4e Jaunault  : Amand de Louresse, mari de « Tante marraine », frère de Jean Jaunault que vous avez connu et qui aimait beaucoup maman. Avec cette famille-là, l'échange de services était permanent, mais peu de loisirs communs. Telle était la famille maternelle de Papa.
Chez son père, ils étaient quatre aussi, deux garçons, deux filles...
Grand-père Charles qui avait 30 ans à la naissance d’Emile.
Armand, « Tonton de Rochemenier » et sa femme Désirée Gigot. Lui était bon mais avait un air sévère ou plutôt triste, ce qui s'explique sans doute par le fait que leur fils unique Armand II avait été tué à la guerre dès 1914. Elle, charmante et souriante, sous son bonnet rond d'une impeccable blancheur. Elle garda toujours ses vêtements noirs de deuil après la mort de son fils. Le dimanche après-midi c'était parfois un de nos buts de promenade  : « Allons voir Tante de Rochemenier ! » . Nous étions toujours bien accueillis. Mais nous aimions surtout prendre la route de Rochemenier au moment des crêpes ou des « fredaines »  : Chandeleur (2 février) ou Carnaval ou Mi-carême.

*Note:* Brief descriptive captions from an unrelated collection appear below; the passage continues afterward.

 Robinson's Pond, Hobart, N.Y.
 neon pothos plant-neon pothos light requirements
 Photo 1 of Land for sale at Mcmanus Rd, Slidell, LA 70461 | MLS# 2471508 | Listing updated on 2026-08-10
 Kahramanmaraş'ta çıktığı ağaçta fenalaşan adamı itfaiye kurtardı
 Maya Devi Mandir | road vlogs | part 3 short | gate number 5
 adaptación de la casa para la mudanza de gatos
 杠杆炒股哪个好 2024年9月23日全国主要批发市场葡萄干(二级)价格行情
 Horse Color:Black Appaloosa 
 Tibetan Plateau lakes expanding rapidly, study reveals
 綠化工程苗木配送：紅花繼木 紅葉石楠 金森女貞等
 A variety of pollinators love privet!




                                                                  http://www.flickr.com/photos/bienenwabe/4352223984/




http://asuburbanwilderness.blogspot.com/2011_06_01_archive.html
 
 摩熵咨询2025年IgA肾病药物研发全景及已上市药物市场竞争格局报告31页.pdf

Parce que cette Tante Désirée faisait d'incomparables gros beignets en forme de coquilles Saint-Jacques  !... Dans sa cuisine à demi troglodytique elle avait une « huche à pain », à farine, à beurre etc ... Elle pétrissait légèrement et longuement sa pâte parfumée à l'eau de fleur d'oranger. Puis cette pâte, elle la mettait « à lever » sous l'édredon de son lit  !! « au tiède », à l'abri du vent. Et puis elle faisait frire la pâte découpée qui gonflait merveilleusement. C'était parfumé, croquant, feuilleté et moelleux ! Quelle merveille  ! « Mangez ! Mangez ! » disait-elle en pensant sans doute aux petits-enfants qu'elle n'aurait jamais. Parfois, elle nous invitait avec la famille Bouju de Bron (dont la fille unique, Simone, est ma marraine).

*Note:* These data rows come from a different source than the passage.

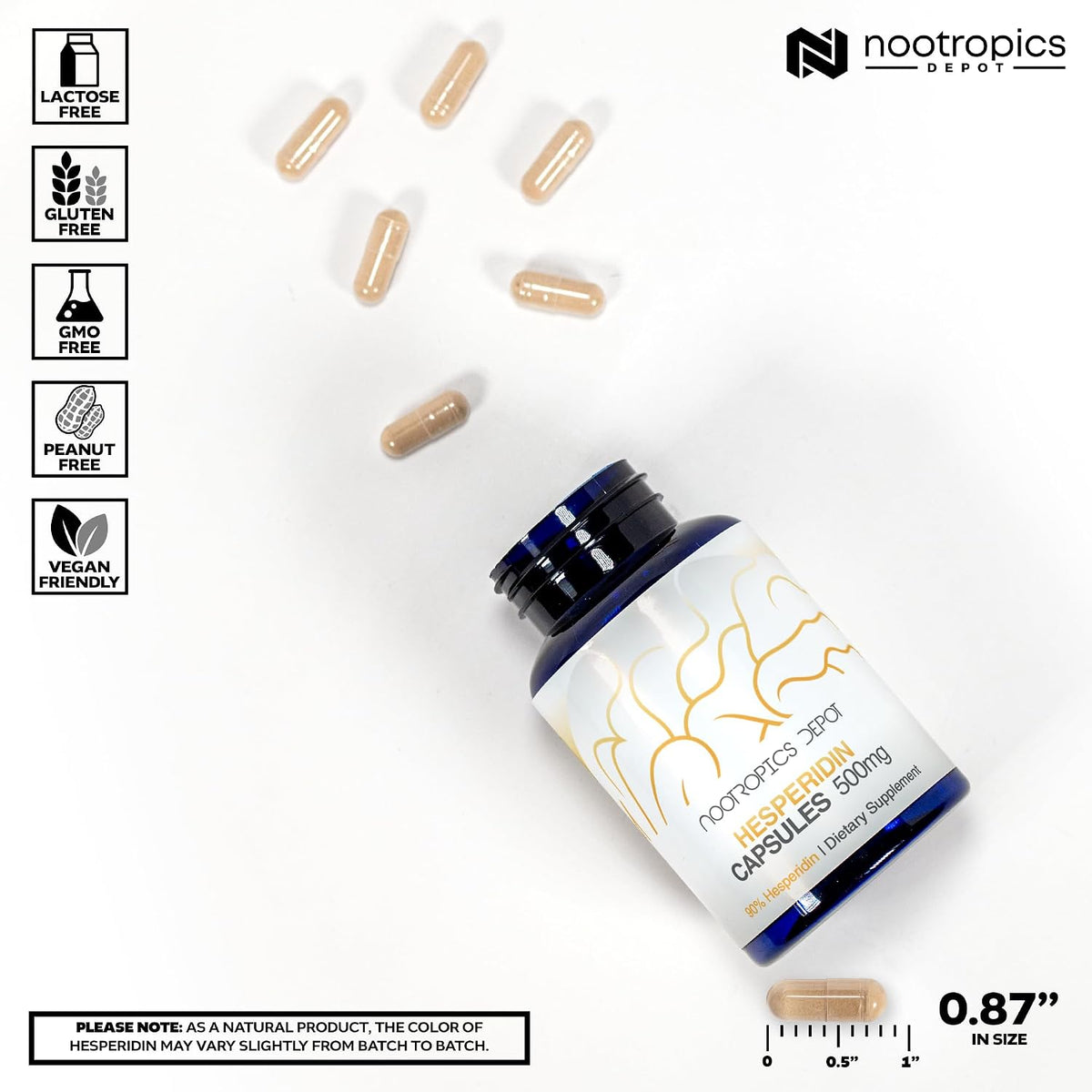Nootropics Depot Hesperidina Cápsulas | 500mg | 90% Extracto de Cítrico | Apoya la Función Metabólica y Cardiovascular – Image 3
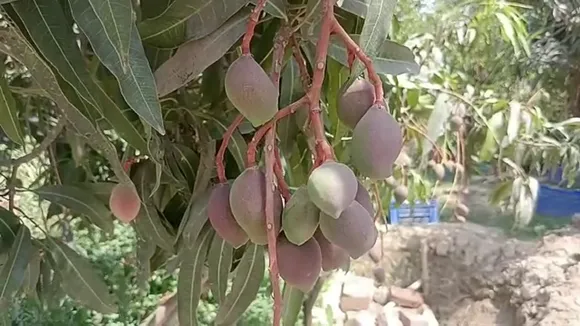 modi mango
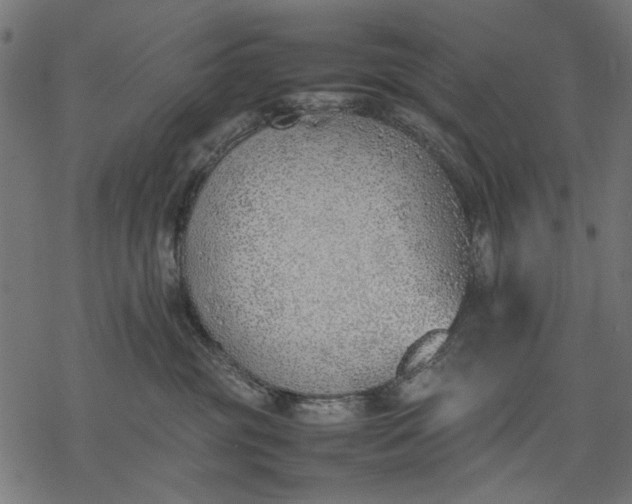 X0000077280381200611031531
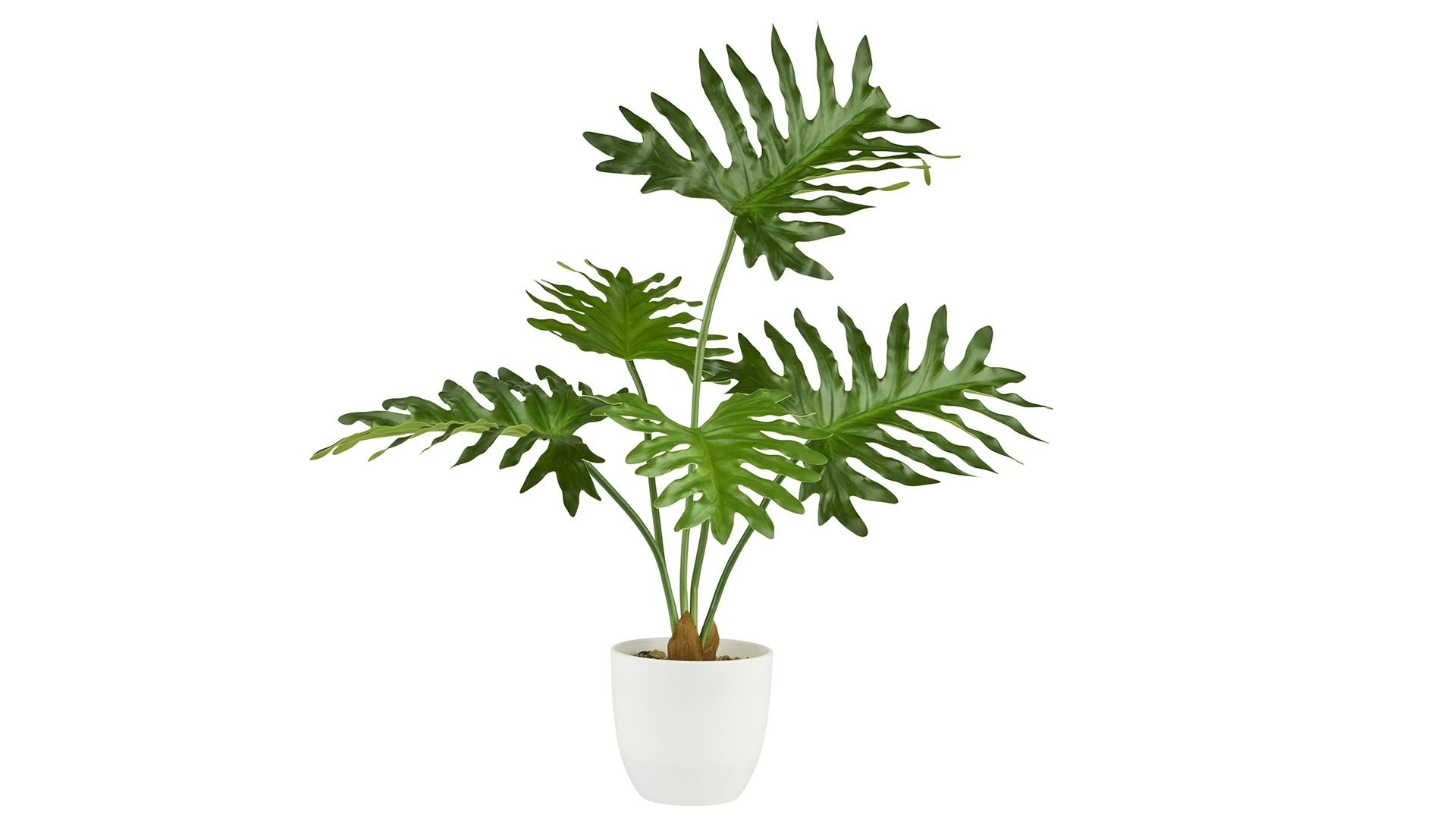 La Vida, Kunstig plante, Xanadu, H50 cm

Agathe Breton, épouse Bouju, était la petite sœur de Charles et Armand. L'oeil vif, le verbe haut, le don du commandement, elle ne manquait pas de dynamisme et de chaleur. Mais nous n'aimions pas l'embrasser parce qu'elle avait un peu de poil au menton  ! On l'appelait entre nous Tante à Barbe. Mais elle était sympa. Ils arrivaient tous les 3 en voiture à cheval, dételaient, nourrissaient la bête... Salamalecs. Déjeuner... Cette fois-ci, au niveau supérieur, dans la salle à manger qui ouvrait sur l'autre façade. Excellente cuisine, mais bien sûr repas trop long pour nous  !
Parfois c'était nous qui allions à Bron (en auto)  ! Et, le tonton Bouju étant grand chasseur, grand pêcheur (dans le Thouet) et... grand braconnier, Tante Agathe étant fine cuisinière, nous nous régalions de civet de lièvre, d'anguilles aux pruneaux etc... le tout arrosé de bonnes bouteilles... À la fin du repas, nous allions, sans eux, saluer de l'autre côté de la rue Tonton et Tante Boussiron ( Marie, soeur aînée d'Agathe, 4e Breton, dont le fils unique avait également été tué à la guerre. Les Bouju et les Boussiron étaient fâchés, ne se parlaient pas. Pourquoi  ?? Ils habitaient l'un en face de l'autre ! (Ainsi les 4 frères et sœurs Breton avaient eu chacun un seul enfant dont deux étaient mort à la guerre de 14-18. Restaient papa et ma marraine).